He woke quickly enough when the Englishman’s hand was clapped over his mouth and held there until his torpid wits were sufficiently clear that he should understand the stern words muttered in his ear.
“Pardon, monsieur,” he said shamefacedly. “I thought there was no harm in sitting down. I listened to the guns, and began counting them. I counted one hundred and ninety-nine shots, I think, and then——”
“And then you risked six lives, Léontine’s among them!”
“Monsieur, I have no excuse.”
“Yet you have been a soldier, I suppose? And you gabble of serving your country?”
“It will not happen again, monsieur.”
Dalroy pretended an anger he did not really feel. He wanted this stolid Walloon to remain awake now, at any rate, so turned away with an ejaculation of contempt.
Maertz rose. He endured an eloquent silence for nearly a minute. Then he murmured, “Monsieur, I shall not offend a second time. Counting guns is worse than watching sheep jumping a fence.”

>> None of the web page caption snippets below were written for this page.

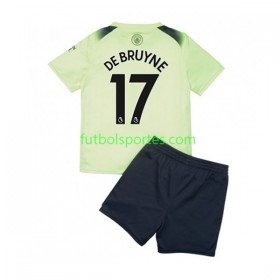 Camiseta Manchester City De Bruyne 17 Niño Tercera Equipación 2022/2023
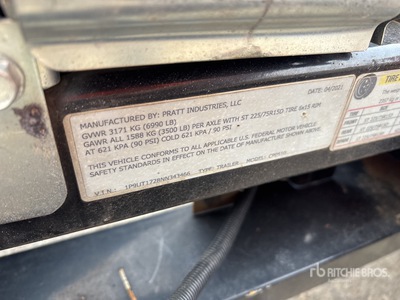 2022 Pratt CP0510 Remorque pour équipement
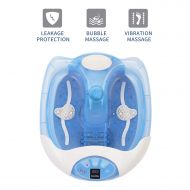 Wonlink Foot Spa/Bath Massager with Heat Bubbles Vibration, Rolling Massage, Red Light, Digital Temperature Control LED Display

The moon had risen, revealing a cleared space in front of the hut. A dozen yards away a thin fringe of brushwood and small trees marked the edge of the quarry, while the woodcutter’s path was discernible on the left. A slight breeze had called into being the myriad tongues of the wood, and Dalroy realised that the unceasing cannonade, joined to the rustling of the leaves, would drown any sound of an approaching enemy until it was too late to retreat. He knew that Von Halwig, not to mention the military authorities at Visé, would spare no effort to hunt out and destroy the man who had dared to flout the might of Germany, so he was far from satisfied with the apparent safety of even this secluded refuge.
“Have you a piece of string in your pockets?” he demanded gruffly.